--- Aim of the task ---
Those lines of the following listing which contain the string "Hits" should be returned.

Data provided section start

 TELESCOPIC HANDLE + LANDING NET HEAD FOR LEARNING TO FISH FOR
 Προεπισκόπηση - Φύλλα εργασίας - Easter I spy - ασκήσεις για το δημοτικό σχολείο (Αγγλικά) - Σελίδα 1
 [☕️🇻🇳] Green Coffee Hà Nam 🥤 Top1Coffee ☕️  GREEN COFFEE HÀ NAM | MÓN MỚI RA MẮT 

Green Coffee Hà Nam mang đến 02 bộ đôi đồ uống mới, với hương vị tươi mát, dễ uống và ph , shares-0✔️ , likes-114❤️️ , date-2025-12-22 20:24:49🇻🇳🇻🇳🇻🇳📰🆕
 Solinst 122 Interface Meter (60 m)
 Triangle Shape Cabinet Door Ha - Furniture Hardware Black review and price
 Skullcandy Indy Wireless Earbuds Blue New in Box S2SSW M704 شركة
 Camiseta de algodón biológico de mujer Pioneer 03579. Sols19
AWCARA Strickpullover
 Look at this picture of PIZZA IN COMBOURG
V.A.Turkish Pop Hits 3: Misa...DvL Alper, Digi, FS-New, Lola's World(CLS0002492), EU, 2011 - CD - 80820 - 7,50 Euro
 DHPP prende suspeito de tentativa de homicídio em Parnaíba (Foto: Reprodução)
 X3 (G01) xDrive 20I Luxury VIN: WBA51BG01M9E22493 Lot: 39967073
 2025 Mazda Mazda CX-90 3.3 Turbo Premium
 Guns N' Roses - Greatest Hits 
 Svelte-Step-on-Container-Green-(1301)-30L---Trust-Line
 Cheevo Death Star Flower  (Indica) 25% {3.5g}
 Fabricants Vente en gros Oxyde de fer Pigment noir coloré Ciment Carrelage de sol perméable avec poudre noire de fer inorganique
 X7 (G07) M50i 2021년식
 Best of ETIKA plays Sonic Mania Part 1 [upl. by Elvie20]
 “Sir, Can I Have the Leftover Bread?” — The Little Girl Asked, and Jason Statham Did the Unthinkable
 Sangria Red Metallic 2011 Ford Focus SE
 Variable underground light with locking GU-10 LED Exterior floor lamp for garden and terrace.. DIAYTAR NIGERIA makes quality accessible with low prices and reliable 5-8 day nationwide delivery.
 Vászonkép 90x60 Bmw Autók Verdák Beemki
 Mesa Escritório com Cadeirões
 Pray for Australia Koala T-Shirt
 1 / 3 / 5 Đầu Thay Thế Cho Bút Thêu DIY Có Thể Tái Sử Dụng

Data provided section end

--- Expected answer ---
V.A.Turkish Pop Hits 3: Misa...DvL Alper, Digi, FS-New, Lola's World(CLS0002492), EU, 2011 - CD - 80820 - 7,50 Euro
 Guns N' Roses - Greatest Hits 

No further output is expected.